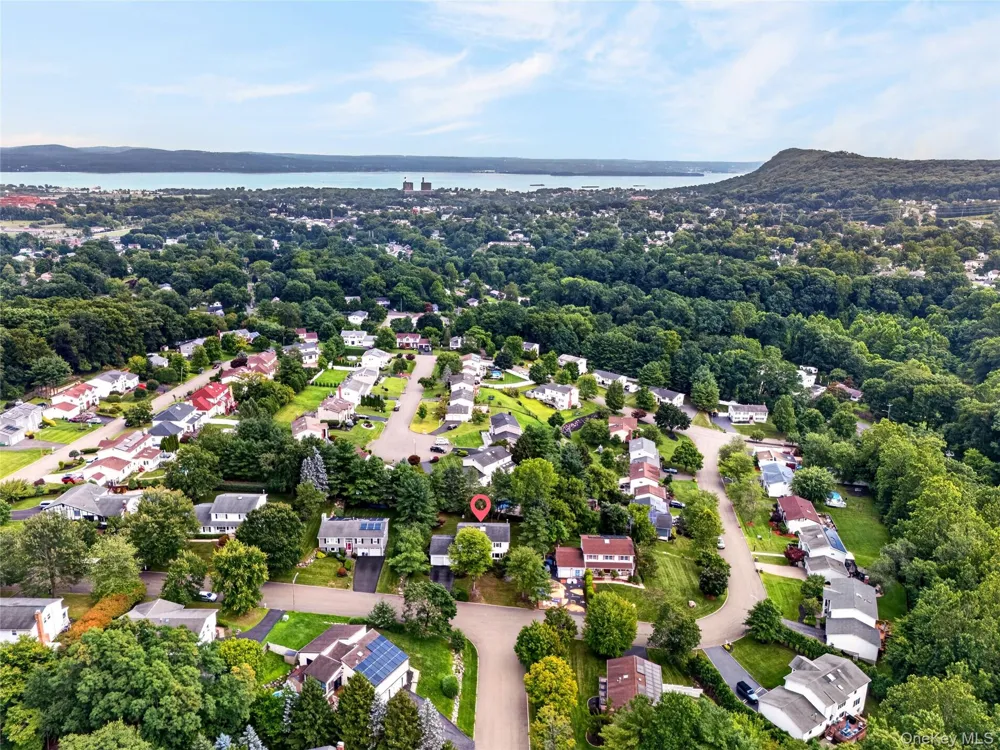 14 Bubenko Drive Garnerville, NY 10923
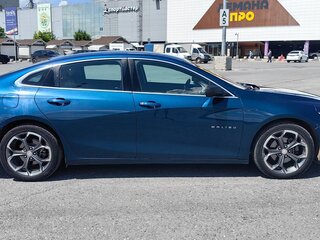 2019 Chevrolet Malibu IX Рестайлинг, синий, 1500000 рублей, вид 3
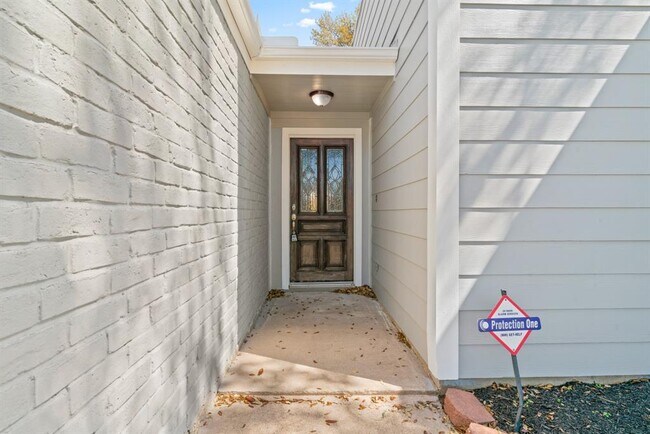 Foto del edificio - 4322 Eagle Fork Dr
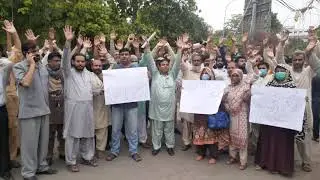 Railway Employees and grade 18 officers Protest against Downsizing opposite Lpc.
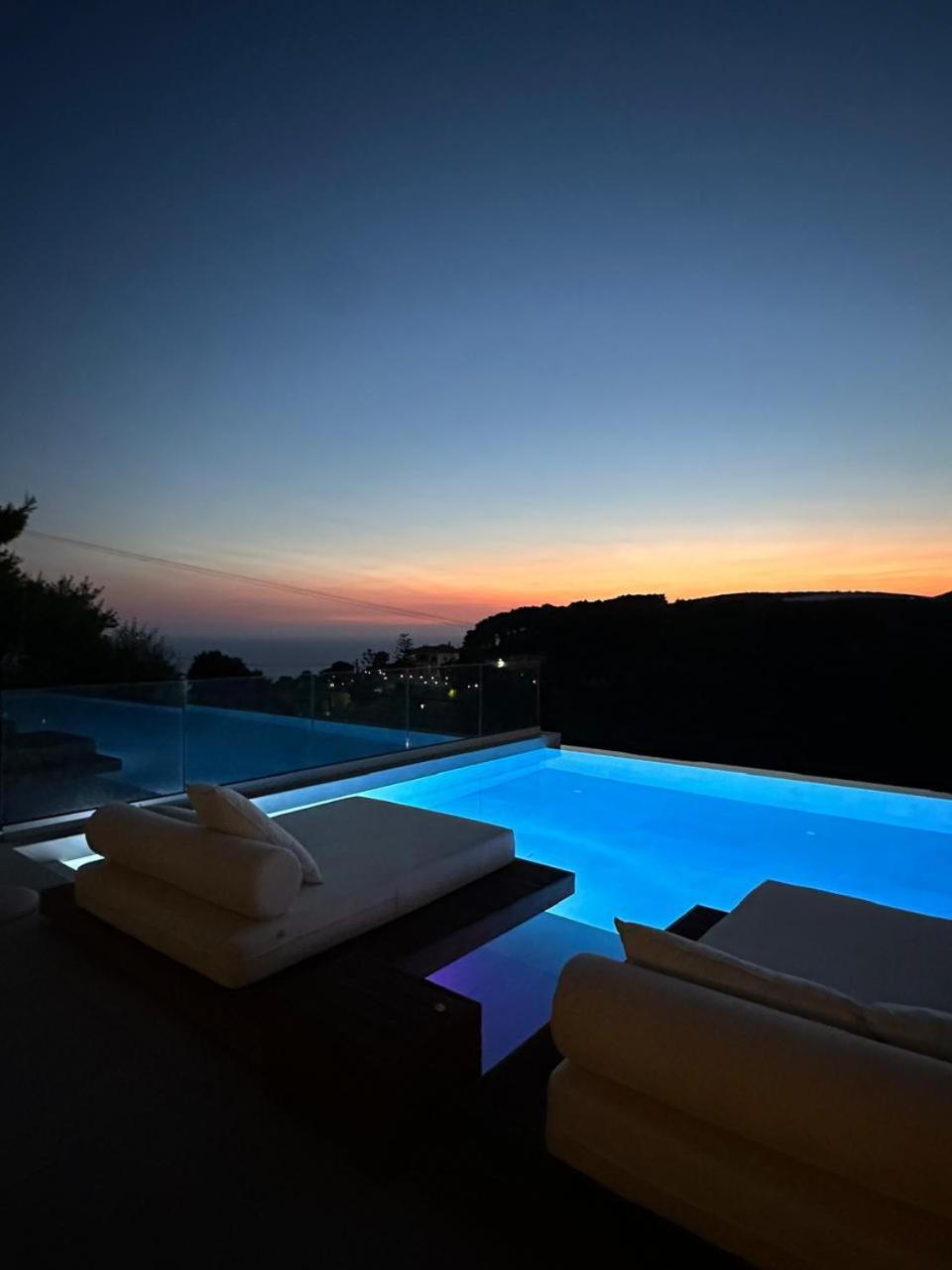 Myzith Luxury Suites Keri Dış mekan fotoğraf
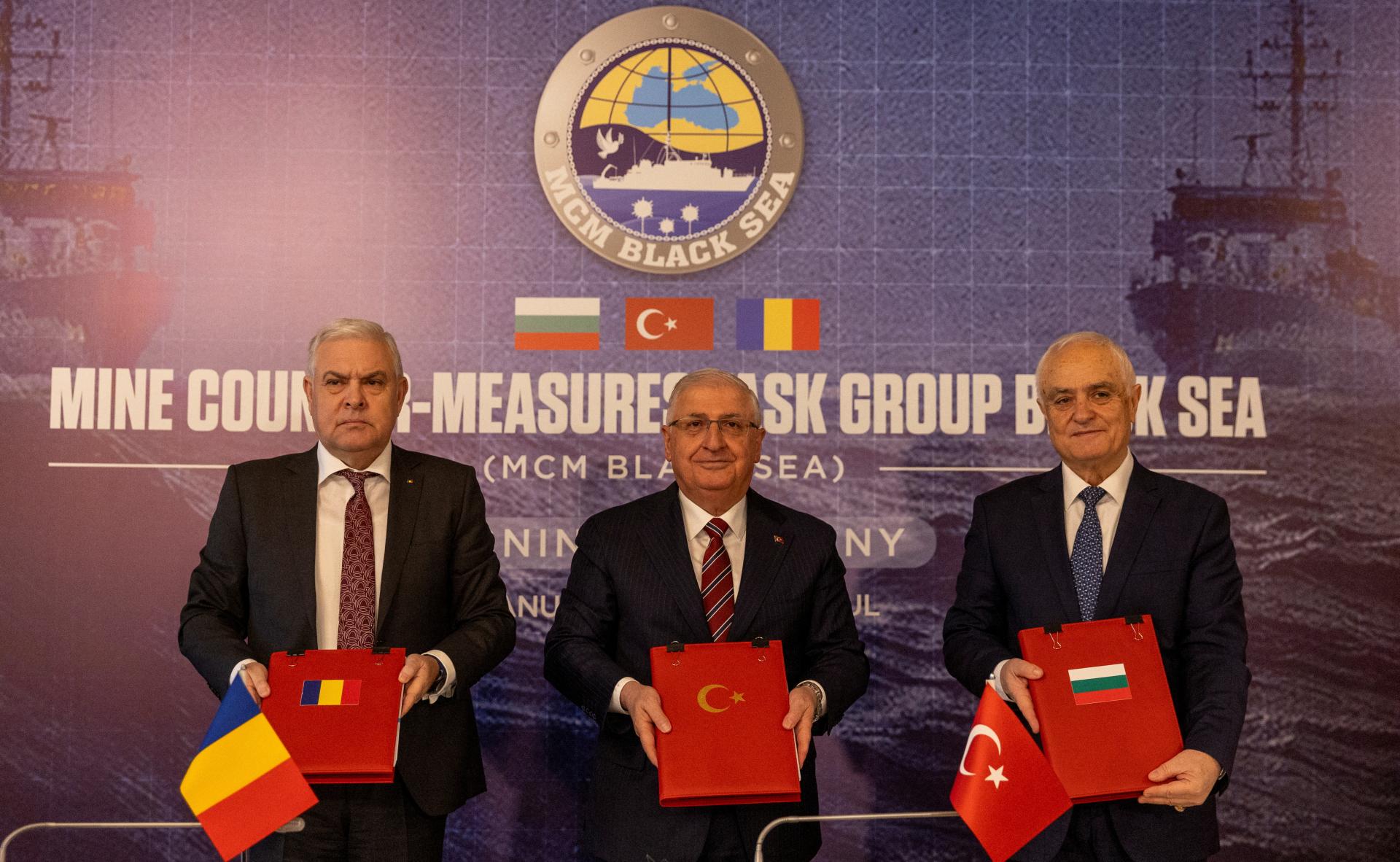 Turecko, Bulharsko a Rumunsko podpísali dohodu o odmínovaní Čierneho mora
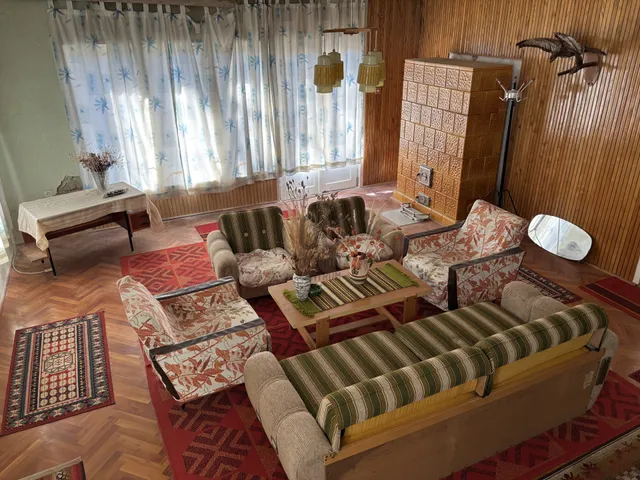 Eladó ház Parád 276 nm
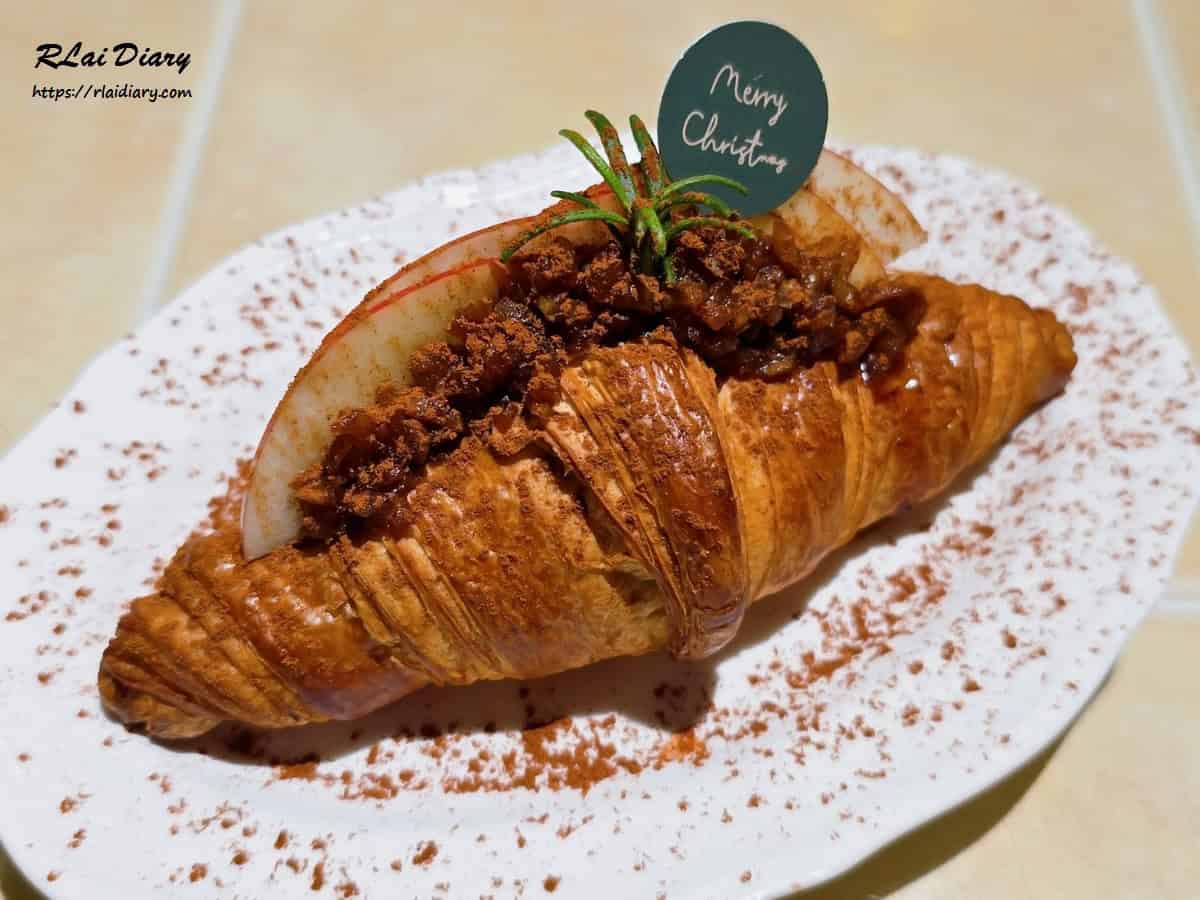 蘋果肉桂可頌甜點上桌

#### TASK TO COMPLETE
Output everything in the material exactly. Pictures stay out of it.

#### SOLUTION TO THIS TASK
 14 Bubenko Drive Garnerville, NY 10923
 2019 Chevrolet Malibu IX Рестайлинг, синий, 1500000 рублей, вид 3
 Foto del edificio - 4322 Eagle Fork Dr
 Railway Employees and grade 18 officers Protest against Downsizing opposite Lpc.
 Myzith Luxury Suites Keri Dış mekan fotoğraf
 Turecko, Bulharsko a Rumunsko podpísali dohodu o odmínovaní Čierneho mora
 Eladó ház Parád 276 nm
 蘋果肉桂可頌甜點上桌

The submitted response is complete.